[Data under study]
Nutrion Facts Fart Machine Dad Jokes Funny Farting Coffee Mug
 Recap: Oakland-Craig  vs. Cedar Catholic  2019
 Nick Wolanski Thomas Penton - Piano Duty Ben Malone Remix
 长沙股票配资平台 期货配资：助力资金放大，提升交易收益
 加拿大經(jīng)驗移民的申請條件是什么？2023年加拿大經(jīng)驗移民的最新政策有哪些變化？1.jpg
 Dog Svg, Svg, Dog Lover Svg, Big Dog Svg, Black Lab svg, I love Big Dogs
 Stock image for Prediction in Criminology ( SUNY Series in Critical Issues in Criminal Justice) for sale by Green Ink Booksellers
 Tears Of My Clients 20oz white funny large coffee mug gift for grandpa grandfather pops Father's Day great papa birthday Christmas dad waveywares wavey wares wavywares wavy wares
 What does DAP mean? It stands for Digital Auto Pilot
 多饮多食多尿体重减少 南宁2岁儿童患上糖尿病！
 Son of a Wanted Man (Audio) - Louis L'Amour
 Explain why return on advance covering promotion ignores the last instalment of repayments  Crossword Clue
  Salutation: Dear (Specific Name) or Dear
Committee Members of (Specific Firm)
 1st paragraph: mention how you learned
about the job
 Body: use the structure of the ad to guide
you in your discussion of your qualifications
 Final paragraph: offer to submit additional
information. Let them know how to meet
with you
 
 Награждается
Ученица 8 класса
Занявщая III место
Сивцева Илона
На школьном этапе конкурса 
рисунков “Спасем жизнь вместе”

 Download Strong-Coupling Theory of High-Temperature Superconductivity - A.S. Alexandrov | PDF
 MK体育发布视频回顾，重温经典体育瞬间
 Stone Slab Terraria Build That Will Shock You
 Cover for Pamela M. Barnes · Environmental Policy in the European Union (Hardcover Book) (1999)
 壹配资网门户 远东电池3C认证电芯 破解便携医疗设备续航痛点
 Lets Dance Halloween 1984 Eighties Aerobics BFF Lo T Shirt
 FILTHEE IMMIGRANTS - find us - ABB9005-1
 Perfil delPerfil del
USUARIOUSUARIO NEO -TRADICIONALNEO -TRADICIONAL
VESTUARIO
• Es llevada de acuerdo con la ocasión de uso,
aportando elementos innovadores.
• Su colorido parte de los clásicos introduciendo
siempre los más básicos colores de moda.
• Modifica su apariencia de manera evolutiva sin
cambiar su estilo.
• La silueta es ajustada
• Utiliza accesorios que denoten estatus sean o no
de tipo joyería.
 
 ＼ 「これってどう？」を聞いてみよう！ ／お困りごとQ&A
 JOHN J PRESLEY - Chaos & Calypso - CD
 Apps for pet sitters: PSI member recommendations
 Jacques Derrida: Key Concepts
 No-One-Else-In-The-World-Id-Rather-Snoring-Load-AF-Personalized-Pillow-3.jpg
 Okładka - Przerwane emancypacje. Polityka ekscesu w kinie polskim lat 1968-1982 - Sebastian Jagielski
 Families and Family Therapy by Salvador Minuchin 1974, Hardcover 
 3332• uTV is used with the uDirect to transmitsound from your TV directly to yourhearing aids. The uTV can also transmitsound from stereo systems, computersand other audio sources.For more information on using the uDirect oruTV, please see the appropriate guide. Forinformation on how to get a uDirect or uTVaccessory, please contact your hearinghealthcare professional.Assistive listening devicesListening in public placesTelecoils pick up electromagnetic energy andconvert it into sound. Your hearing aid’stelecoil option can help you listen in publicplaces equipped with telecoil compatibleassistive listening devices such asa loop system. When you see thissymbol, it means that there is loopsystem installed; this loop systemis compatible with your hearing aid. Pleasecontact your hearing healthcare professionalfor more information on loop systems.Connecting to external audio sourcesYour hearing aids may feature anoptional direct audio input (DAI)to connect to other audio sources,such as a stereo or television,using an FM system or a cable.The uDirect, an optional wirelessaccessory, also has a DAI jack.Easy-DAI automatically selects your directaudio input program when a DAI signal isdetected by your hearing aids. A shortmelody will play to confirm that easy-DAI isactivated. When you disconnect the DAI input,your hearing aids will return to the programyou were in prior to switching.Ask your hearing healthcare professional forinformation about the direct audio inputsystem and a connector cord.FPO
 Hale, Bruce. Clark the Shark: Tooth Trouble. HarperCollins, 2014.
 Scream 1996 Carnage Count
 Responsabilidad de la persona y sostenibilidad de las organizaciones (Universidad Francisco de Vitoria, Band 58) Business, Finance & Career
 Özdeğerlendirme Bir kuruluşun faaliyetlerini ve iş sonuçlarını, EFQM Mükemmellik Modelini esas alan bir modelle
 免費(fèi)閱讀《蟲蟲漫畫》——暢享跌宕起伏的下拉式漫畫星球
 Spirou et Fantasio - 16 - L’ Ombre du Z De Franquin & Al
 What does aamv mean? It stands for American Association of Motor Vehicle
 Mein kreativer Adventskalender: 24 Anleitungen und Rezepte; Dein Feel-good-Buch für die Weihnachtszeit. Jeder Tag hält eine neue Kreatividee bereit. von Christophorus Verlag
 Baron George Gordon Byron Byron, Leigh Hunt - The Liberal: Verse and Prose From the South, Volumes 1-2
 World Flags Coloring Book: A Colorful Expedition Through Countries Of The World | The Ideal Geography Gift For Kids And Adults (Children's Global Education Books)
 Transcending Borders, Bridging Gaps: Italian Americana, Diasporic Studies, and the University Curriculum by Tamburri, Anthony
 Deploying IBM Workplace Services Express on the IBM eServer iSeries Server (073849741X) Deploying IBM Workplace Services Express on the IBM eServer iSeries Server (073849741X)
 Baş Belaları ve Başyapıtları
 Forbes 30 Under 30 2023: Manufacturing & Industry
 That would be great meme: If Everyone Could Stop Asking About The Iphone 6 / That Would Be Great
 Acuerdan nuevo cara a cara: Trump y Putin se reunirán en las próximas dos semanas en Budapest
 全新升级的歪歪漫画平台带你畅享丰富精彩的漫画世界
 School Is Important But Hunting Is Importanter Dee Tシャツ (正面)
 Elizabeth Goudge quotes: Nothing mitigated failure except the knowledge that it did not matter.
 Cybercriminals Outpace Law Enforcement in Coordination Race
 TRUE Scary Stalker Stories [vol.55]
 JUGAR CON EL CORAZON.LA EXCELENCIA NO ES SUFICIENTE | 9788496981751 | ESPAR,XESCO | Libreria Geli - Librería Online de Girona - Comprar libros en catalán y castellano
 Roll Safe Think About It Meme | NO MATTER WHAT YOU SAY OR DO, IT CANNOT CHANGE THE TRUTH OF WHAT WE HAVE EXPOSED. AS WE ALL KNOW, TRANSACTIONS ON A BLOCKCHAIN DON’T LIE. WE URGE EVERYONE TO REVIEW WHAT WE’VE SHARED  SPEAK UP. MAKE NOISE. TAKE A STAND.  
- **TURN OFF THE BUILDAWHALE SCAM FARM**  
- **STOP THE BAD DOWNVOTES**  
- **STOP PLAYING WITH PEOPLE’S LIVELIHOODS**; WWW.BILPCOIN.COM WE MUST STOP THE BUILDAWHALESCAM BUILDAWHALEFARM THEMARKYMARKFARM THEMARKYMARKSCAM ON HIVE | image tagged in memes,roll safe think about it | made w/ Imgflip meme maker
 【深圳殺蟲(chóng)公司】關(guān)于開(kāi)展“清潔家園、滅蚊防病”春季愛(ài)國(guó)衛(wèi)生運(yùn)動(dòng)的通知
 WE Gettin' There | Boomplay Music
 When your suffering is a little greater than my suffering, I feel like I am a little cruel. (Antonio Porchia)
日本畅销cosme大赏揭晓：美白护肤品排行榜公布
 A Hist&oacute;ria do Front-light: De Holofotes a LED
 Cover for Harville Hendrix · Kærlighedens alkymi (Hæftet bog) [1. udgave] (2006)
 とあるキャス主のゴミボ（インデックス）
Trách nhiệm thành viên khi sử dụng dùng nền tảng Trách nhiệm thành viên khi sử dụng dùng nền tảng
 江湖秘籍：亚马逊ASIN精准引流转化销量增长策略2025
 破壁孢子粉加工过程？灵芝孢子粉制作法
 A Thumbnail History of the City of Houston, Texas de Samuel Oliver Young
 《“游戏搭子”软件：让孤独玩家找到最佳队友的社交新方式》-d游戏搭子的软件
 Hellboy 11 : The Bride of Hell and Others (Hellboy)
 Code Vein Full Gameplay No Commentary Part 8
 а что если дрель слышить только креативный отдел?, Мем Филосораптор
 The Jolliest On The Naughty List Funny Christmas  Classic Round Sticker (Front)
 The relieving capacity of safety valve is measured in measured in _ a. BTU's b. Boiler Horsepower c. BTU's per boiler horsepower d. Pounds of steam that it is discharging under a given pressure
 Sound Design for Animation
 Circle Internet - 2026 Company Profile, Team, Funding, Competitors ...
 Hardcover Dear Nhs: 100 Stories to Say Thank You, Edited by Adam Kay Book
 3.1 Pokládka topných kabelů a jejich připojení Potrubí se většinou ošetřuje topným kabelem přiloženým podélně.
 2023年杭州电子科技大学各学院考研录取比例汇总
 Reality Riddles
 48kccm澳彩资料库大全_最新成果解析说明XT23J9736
[/Data under study]
--- Exercise requirements ---
Take the lines above from the one containing "What does DAP" to the one containing "manera evolutiva sin" and retype them exactly, both ends included, with nothing added.

--- Solution to the problem ---
 What does DAP mean? It stands for Digital Auto Pilot
 多饮多食多尿体重减少 南宁2岁儿童患上糖尿病！
 Son of a Wanted Man (Audio) - Louis L'Amour
 Explain why return on advance covering promotion ignores the last instalment of repayments  Crossword Clue
  Salutation: Dear (Specific Name) or Dear
Committee Members of (Specific Firm)
 1st paragraph: mention how you learned
about the job
 Body: use the structure of the ad to guide
you in your discussion of your qualifications
 Final paragraph: offer to submit additional
information. Let them know how to meet
with you
 
 Награждается
Ученица 8 класса
Занявщая III место
Сивцева Илона
На школьном этапе конкурса 
рисунков “Спасем жизнь вместе”

 Download Strong-Coupling Theory of High-Temperature Superconductivity - A.S. Alexandrov | PDF
 MK体育发布视频回顾，重温经典体育瞬间
 Stone Slab Terraria Build That Will Shock You
 Cover for Pamela M. Barnes · Environmental Policy in the European Union (Hardcover Book) (1999)
 壹配资网门户 远东电池3C认证电芯 破解便携医疗设备续航痛点
 Lets Dance Halloween 1984 Eighties Aerobics BFF Lo T Shirt
 FILTHEE IMMIGRANTS - find us - ABB9005-1
 Perfil delPerfil del
USUARIOUSUARIO NEO -TRADICIONALNEO -TRADICIONAL
VESTUARIO
• Es llevada de acuerdo con la ocasión de uso,
aportando elementos innovadores.
• Su colorido parte de los clásicos introduciendo
siempre los más básicos colores de moda.
• Modifica su apariencia de manera evolutiva sin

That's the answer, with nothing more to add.